[Stored items]

-- -- --

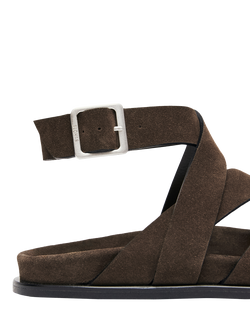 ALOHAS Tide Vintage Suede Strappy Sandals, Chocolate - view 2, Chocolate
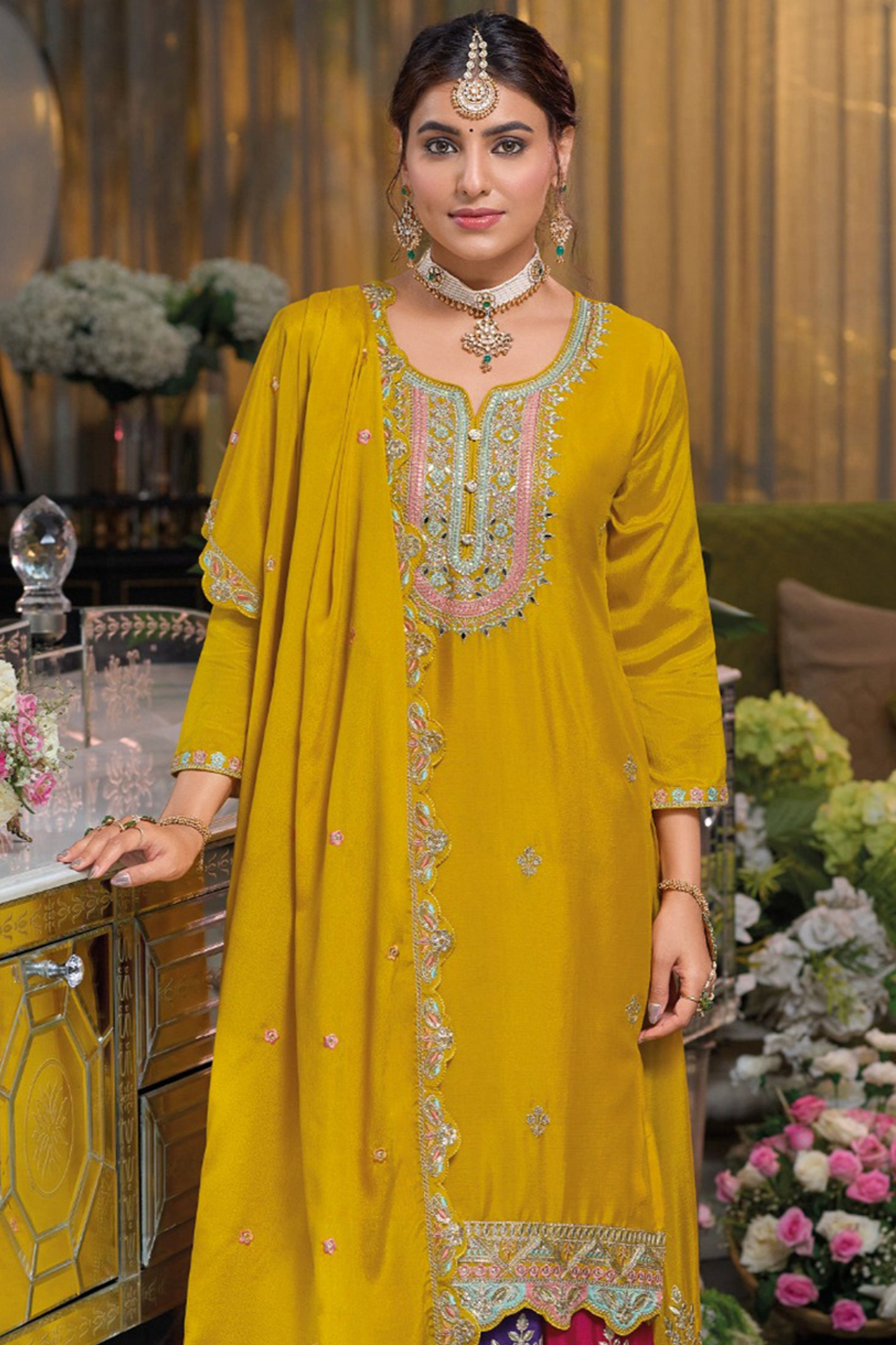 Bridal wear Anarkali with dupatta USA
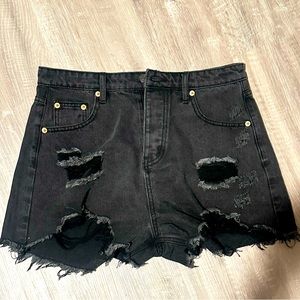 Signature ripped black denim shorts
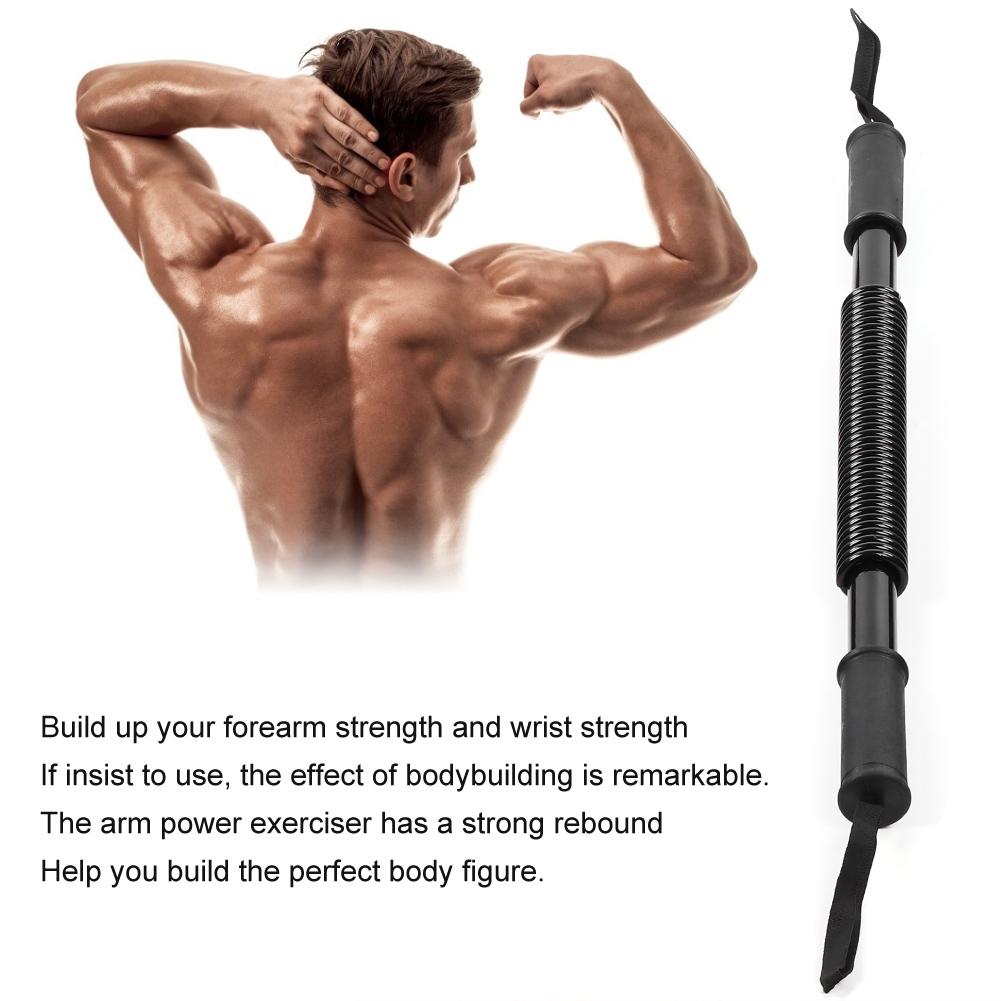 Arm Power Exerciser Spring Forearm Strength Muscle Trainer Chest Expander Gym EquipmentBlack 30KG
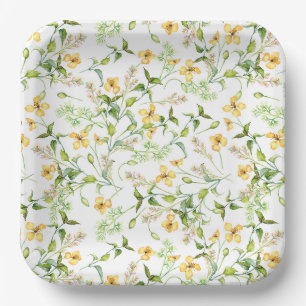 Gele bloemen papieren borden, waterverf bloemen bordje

-- -- --

WHAT YOU ARE ASKED TO DO: Write out each line again, exactly as it appears above, except for any picture.

TASK RESULT:
 ALOHAS Tide Vintage Suede Strappy Sandals, Chocolate - view 2, Chocolate
 Bridal wear Anarkali with dupatta USA
 Signature ripped black denim shorts
 Arm Power Exerciser Spring Forearm Strength Muscle Trainer Chest Expander Gym EquipmentBlack 30KG
 Gele bloemen papieren borden, waterverf bloemen bordje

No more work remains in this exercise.